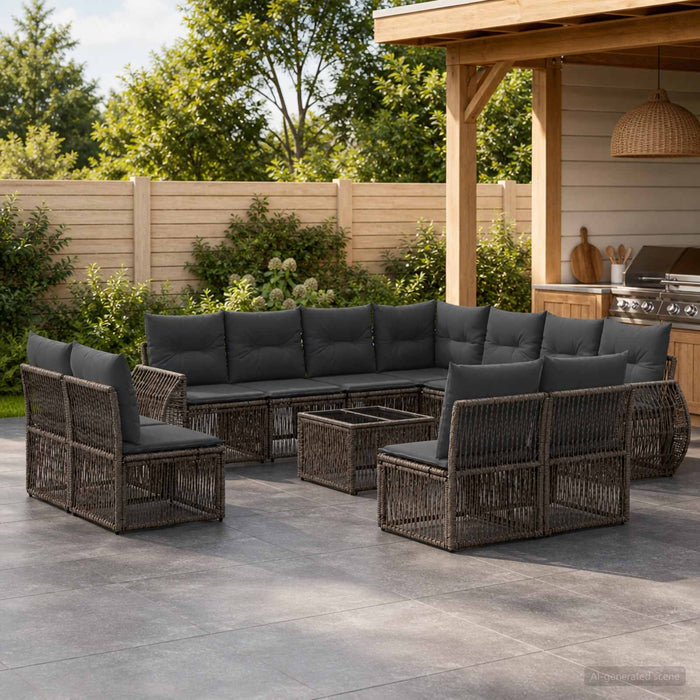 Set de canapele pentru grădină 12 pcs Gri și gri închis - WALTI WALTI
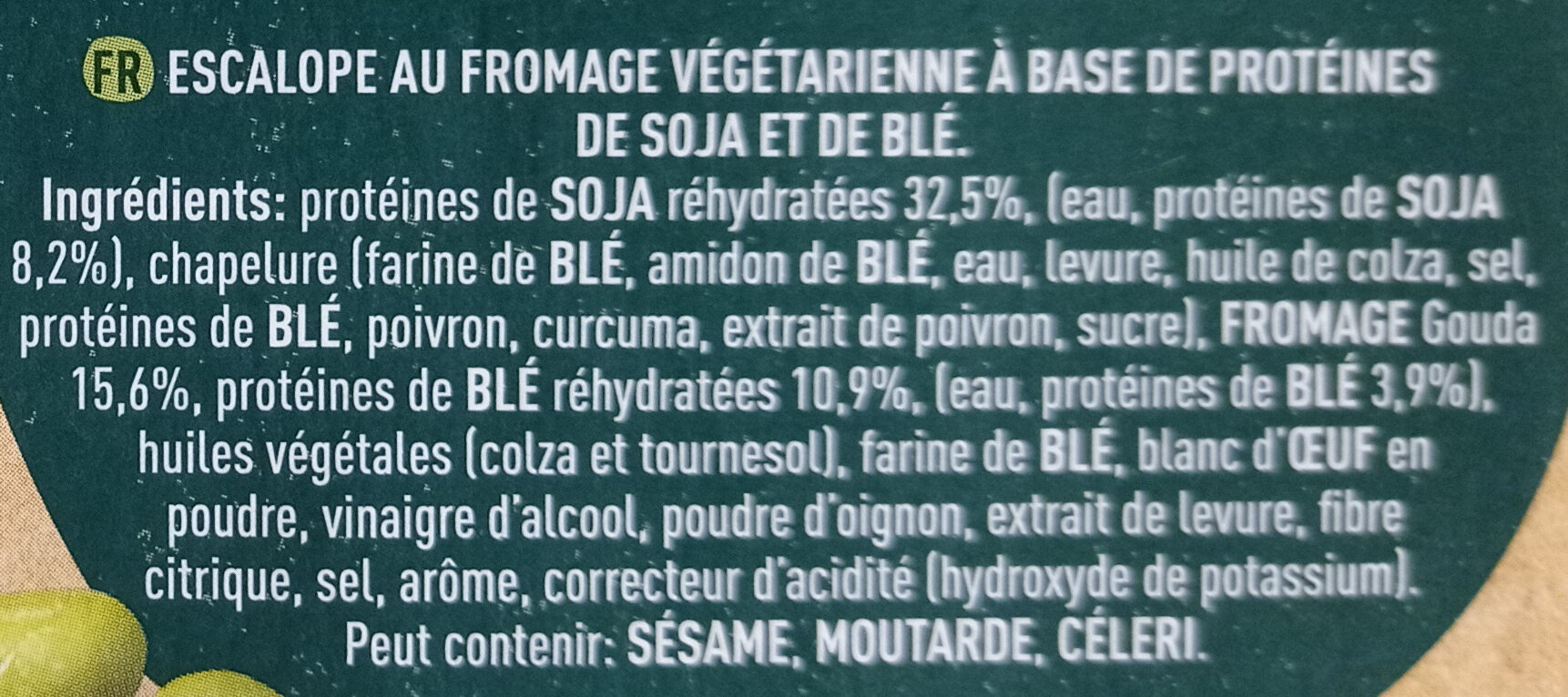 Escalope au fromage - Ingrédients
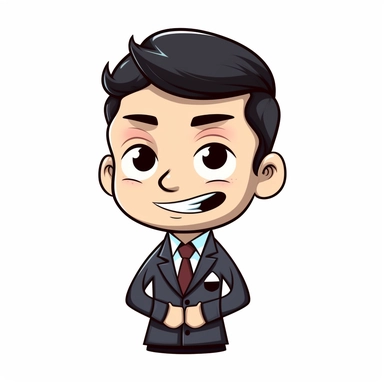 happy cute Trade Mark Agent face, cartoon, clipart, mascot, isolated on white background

+++++

PROBLEM TO SOLVE
Please leave the images out and retype the rest of the material exactly.

SOLUTION
 Set de canapele pentru grădină 12 pcs Gri și gri închis - WALTI WALTI
 Escalope au fromage - Ingrédients
 happy cute Trade Mark Agent face, cartoon, clipart, mascot, isolated on white background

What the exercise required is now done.